Of Jabs, Uppercuts, Kung Fu and Warring Reps

by Taju Tijani

Nigerian politics has entered into a bizarre world of notoriety. We were all treated to a free preview of a Nollywoodised cast of dozy, nasty, tacky and primitive brutes as they exhibited stoked up belligerence and ugly malevolence before a bemused viewing world. Political fisticuffs are not new. Italians, Russians, Ukrainians and Israelis are tacticians who settle scores with kung fu kicks, jabs and uppercuts on the floors of their deliberative democratic institutions. Even in the hallowed and cloistered portal of Westminster democracy, the British politicians have fallen short of their own orthodoxy of fair hearing when at times shoving and pushing of MPs are recorded for public consumption.

This is not to suggest that this near universal madness is acceptable and promotes political cohesion and peace in the world. This outrageous impropriety, this submission to feral meanness, this intolerable and monstrous display of lack of self control disappointed our high expectation from our politicians.
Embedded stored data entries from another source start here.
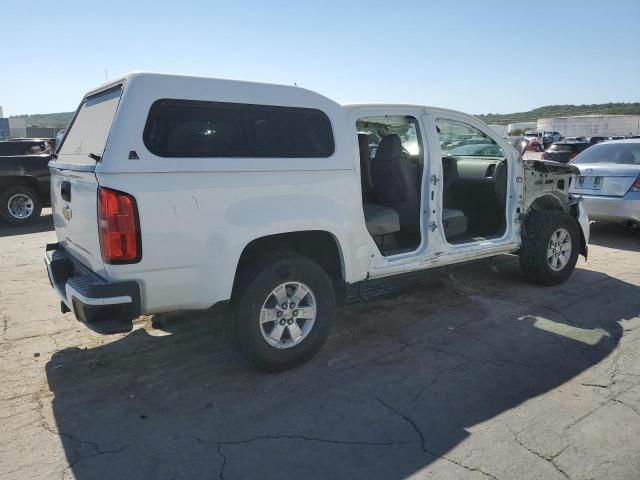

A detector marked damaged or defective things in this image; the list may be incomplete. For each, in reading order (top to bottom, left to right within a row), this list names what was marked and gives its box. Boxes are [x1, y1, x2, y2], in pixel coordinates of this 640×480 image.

cracked pavement [1, 212, 640, 478]
pavement crack line [376, 398, 500, 480]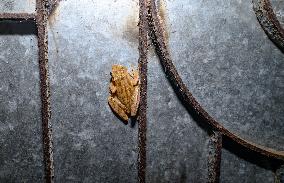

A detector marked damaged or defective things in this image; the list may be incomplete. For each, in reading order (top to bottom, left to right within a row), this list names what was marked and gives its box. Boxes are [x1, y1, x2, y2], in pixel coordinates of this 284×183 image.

rusty iron bar [36, 0, 54, 182]
iron rust [36, 0, 54, 182]
rusty iron bar [146, 0, 284, 162]
iron rust [146, 0, 284, 162]
rusty iron bar [207, 131, 223, 182]
iron rust [207, 131, 223, 182]
rusty iron bar [253, 0, 284, 52]
iron rust [253, 0, 284, 52]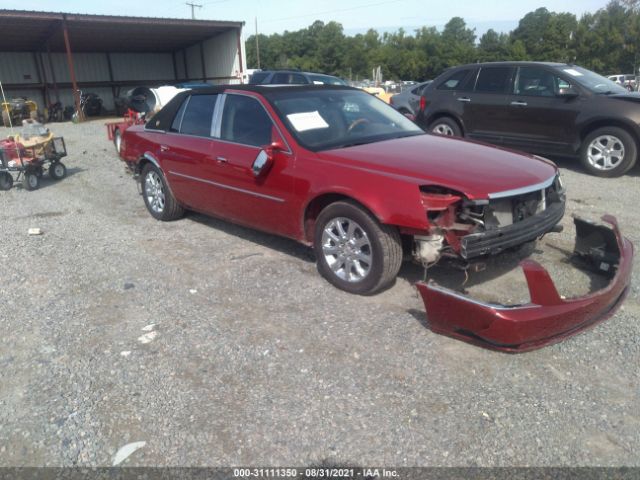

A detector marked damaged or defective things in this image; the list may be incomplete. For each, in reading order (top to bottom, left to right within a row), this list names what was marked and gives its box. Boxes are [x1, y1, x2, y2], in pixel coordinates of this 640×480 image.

detached front bumper cover [416, 215, 636, 352]
damaged front end of car [416, 215, 636, 352]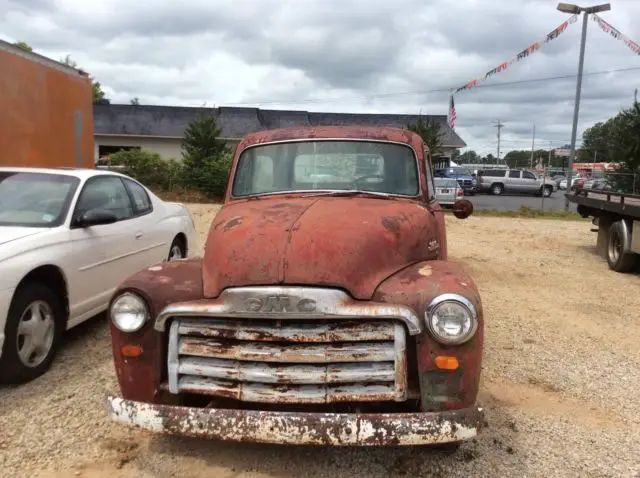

Politicians are meant to jaw jaw rather than war war. Issues are meant to be articulated and settled using intelligence, persuasion, respect for other opinions, compromise and sound self control. Politicians, regardless of the perfection halo we placed on their personal comportment are human, and as human, perfectly susceptible to all the mistakes, errors and foibles of Homo erectus. The fault probably lies in our genes!

Aside from the fact that in Nigeria, politicians entertained a deformed engagement of their publics, they are equally capable of humbug and all sorts of chicanery to cover their tracks. The kung fu furore in the House of Rep was between the forces of darkness against light, good against evil, sinners against saints and progressives against protective status quo. Perhaps it is perfectly fitting in this hysterical time to turn both houses into coliseum where the good guys fight against the bad guys especially when it was reported that his eminence Senator David Mark is reputed to be allocated the princely sum of N1billion naira. If ordinary hard working Nigerians could be enraged by Mark’s stinking excesses, one then expects Senators to throw kicks and wild punches sometimes soon to drive home the point that political greed is the bastion of the depraved.

The House of Rep crisis centred on allegation of greed and misappropriation of public money. Hon Speaker, Dimeji Bankole and many House members were accused of men with long throat. A Melaye had to emerge with patriotic zeal to fight the lechers.

Melaye, leading the opposition progressives and smelling blood had to prepare a comprehensive dossier of alleged misappropriation of N9billion allocated to the House in the 2008 and 2009 budgets and despatched it to the Chairman, Economic and Financial Crimes Commission (EFCC) Mrs Farida Waziri. She made an unusual promise not to spare offenders from scrutiny, sack and prosecution. Bankole loyalists then issued terrifying edict proclaiming the opposition progressives as persona non grata in the House. The cast of the opposition progressives include Dino Melaye, West Idahosa, Independence Ogunewe, Solomon Awhinawi, Austen Nwachukwu, Abba Anas, Gbenga Oduwaiye, Kayode Amusan, Gbenga Onigbogi, Bitrus Kaze and Doris Uboh.

The show of lunacy then started when the House made a hounding move to raise a motion suspending the recalcitrant and unrepentant 11 opposition progressives. Jabs, hooks, uppercuts, kung fu kicks, slaps, head butting, clothes shredding, bone breaking and possibly stabbing became the only certainty in those mad, snarling hours. A political citadel meant for reasoned arguments was turned into a theatre of war. Crazed souls overpaid to jaw jaw on nothingness became shameless aggressors unmindful of the utter shame and disrepute brought on our nascent democracy. Journalists and cameramen assigned to cover the House were collateralised, brutalised, messed up and detained.

Such is the mockery of political transparency and financial probity that the brave whistleblowers were stifled, manhandled and battered by a vengeful lynch mob. While the graceless, ghastly, horrible and dreadful ‘war’ was going on, Hon Dimeji Bankole, the imperious martinet, rather than get an absorbent tissue paper to wipe off tears of contrition, watched the absurdity with strange fascination. What manner of leadership? A mere blend of informed and cultured tolerance would have contained the howling insanity of both the saints and sinners. Tolerance is the antidote of a shallow rush to violence.

Whatever moral or ethical deduction this appalling catastrophe and thoughtless action may have exerted, gagging Melaye and the rest of the whistleblowers with muscle and violence is sheer cowardice. In the minds of the enlightened majority, Melaye and his other progressives have the compensating distinction that they stand for truth, transparency and financial probity of public officers. Bankole should do the right thing. He should tender an apology to this nation and resign honourably. Further, mandatory psychiatric tests and psycho-dynamic counselling is recommended for our lawmakers to heal the scars and moral wounds inflicted on us and the integrity of our emerging democratic renewal.